- Your task -
All lines from the one with "Quiksilver ~ Tan" through the last are to be given again exactly as they stand in the data below, and only those.

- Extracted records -
= Beginning of Section =

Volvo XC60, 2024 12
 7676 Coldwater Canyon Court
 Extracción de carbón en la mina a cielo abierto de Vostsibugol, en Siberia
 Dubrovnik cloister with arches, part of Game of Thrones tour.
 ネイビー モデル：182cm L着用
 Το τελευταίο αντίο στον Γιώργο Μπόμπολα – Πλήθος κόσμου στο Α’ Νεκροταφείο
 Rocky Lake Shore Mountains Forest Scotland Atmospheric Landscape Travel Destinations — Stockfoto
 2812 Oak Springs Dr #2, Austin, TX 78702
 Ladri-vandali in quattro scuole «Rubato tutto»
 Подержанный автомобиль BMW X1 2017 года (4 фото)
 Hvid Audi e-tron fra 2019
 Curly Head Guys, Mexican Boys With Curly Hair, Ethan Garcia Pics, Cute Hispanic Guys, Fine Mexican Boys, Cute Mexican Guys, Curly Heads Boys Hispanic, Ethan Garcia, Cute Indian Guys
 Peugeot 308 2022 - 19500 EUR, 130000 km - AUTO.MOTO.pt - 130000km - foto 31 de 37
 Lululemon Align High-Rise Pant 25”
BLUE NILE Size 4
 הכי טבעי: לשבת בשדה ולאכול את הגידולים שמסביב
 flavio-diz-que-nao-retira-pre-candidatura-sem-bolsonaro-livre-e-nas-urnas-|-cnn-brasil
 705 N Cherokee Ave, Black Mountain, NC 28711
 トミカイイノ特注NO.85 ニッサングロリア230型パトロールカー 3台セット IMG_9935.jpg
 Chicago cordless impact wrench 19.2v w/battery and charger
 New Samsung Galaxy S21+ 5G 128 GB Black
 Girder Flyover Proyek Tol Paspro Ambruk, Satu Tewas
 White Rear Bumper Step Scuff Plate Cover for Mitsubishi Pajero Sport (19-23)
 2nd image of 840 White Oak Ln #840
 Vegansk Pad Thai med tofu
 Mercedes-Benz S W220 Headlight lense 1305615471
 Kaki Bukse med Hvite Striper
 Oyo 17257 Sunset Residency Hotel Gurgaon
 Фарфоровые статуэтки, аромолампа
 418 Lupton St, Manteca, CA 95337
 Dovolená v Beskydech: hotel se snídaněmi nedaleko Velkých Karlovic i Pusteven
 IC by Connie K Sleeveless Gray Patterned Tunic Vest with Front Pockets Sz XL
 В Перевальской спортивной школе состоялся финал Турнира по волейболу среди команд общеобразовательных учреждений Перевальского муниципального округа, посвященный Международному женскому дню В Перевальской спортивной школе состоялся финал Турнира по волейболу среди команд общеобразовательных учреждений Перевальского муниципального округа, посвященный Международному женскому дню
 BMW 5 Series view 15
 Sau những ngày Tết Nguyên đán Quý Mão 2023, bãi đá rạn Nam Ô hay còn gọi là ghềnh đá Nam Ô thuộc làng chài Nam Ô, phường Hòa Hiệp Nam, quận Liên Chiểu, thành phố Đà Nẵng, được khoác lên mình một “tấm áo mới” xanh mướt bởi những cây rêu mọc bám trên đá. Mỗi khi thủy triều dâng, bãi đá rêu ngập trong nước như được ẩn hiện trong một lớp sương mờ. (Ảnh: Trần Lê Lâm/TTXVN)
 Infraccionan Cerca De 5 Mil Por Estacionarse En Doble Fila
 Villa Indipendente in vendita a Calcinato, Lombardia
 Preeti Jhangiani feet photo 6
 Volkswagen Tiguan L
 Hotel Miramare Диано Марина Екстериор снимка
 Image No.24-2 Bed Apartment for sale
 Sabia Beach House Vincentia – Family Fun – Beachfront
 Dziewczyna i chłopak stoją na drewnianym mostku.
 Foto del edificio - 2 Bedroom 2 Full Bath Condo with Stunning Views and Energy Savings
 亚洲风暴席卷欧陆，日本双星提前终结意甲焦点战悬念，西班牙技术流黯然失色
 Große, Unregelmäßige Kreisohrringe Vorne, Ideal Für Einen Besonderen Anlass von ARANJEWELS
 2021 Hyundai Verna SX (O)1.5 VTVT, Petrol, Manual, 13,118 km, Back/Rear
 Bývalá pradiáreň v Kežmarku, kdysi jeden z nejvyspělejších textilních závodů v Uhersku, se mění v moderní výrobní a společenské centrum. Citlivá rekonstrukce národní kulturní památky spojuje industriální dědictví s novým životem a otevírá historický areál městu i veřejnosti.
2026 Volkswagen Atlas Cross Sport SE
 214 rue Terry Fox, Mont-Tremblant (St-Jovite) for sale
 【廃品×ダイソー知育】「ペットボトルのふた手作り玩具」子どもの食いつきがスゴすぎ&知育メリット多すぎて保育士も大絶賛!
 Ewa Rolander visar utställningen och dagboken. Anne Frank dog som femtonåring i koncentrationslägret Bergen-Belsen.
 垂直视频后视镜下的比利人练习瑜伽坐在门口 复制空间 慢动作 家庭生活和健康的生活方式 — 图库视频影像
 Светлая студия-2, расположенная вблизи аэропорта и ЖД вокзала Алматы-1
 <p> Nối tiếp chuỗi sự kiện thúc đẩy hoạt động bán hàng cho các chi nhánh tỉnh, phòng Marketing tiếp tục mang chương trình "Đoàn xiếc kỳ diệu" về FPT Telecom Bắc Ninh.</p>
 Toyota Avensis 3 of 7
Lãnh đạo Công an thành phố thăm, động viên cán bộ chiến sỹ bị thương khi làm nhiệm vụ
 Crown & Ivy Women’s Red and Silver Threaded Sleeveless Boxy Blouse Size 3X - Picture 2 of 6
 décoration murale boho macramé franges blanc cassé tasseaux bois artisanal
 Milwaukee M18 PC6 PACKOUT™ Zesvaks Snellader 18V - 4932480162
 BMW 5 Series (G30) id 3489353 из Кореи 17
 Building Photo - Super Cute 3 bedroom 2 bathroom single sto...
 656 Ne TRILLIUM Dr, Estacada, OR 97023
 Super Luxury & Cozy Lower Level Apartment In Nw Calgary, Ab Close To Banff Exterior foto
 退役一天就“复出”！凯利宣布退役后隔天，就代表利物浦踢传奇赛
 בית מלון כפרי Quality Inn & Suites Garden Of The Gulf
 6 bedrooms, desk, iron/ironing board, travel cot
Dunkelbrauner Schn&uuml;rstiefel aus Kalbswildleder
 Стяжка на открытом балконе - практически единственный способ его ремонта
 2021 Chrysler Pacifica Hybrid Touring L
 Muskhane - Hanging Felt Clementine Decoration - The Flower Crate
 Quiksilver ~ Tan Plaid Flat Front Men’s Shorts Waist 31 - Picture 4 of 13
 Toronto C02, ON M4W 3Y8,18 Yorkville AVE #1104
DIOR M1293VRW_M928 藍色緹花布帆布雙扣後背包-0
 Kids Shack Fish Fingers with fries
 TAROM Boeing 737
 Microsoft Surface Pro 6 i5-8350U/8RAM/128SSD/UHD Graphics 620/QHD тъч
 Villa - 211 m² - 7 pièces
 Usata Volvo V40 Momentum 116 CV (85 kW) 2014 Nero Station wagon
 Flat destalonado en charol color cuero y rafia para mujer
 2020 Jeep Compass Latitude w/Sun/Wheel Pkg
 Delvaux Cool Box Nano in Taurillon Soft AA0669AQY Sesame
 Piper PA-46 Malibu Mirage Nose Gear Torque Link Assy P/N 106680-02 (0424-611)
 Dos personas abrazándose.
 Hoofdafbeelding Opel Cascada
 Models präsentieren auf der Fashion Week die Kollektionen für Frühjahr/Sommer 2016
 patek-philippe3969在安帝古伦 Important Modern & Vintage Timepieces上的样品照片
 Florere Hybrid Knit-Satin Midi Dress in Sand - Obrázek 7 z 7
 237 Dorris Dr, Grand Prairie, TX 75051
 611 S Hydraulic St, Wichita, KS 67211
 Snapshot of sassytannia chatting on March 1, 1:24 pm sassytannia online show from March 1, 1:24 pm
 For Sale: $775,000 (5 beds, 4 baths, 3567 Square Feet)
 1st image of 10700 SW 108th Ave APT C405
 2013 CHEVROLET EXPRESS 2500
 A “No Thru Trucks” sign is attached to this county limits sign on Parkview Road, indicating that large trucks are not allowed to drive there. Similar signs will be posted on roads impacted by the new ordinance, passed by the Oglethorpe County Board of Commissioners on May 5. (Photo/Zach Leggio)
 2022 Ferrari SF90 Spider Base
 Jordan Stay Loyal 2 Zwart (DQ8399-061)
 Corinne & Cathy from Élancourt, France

= End of Section =

- Response to this task -
 Quiksilver ~ Tan Plaid Flat Front Men’s Shorts Waist 31 - Picture 4 of 13
 Toronto C02, ON M4W 3Y8,18 Yorkville AVE #1104
DIOR M1293VRW_M928 藍色緹花布帆布雙扣後背包-0
 Kids Shack Fish Fingers with fries
 TAROM Boeing 737
 Microsoft Surface Pro 6 i5-8350U/8RAM/128SSD/UHD Graphics 620/QHD тъч
 Villa - 211 m² - 7 pièces
 Usata Volvo V40 Momentum 116 CV (85 kW) 2014 Nero Station wagon
 Flat destalonado en charol color cuero y rafia para mujer
 2020 Jeep Compass Latitude w/Sun/Wheel Pkg
 Delvaux Cool Box Nano in Taurillon Soft AA0669AQY Sesame
 Piper PA-46 Malibu Mirage Nose Gear Torque Link Assy P/N 106680-02 (0424-611)
 Dos personas abrazándose.
 Hoofdafbeelding Opel Cascada
 Models präsentieren auf der Fashion Week die Kollektionen für Frühjahr/Sommer 2016
 patek-philippe3969在安帝古伦 Important Modern & Vintage Timepieces上的样品照片
 Florere Hybrid Knit-Satin Midi Dress in Sand - Obrázek 7 z 7
 237 Dorris Dr, Grand Prairie, TX 75051
 611 S Hydraulic St, Wichita, KS 67211
 Snapshot of sassytannia chatting on March 1, 1:24 pm sassytannia online show from March 1, 1:24 pm
 For Sale: $775,000 (5 beds, 4 baths, 3567 Square Feet)
 1st image of 10700 SW 108th Ave APT C405
 2013 CHEVROLET EXPRESS 2500
 A “No Thru Trucks” sign is attached to this county limits sign on Parkview Road, indicating that large trucks are not allowed to drive there. Similar signs will be posted on roads impacted by the new ordinance, passed by the Oglethorpe County Board of Commissioners on May 5. (Photo/Zach Leggio)
 2022 Ferrari SF90 Spider Base
 Jordan Stay Loyal 2 Zwart (DQ8399-061)
 Corinne & Cathy from Élancourt, France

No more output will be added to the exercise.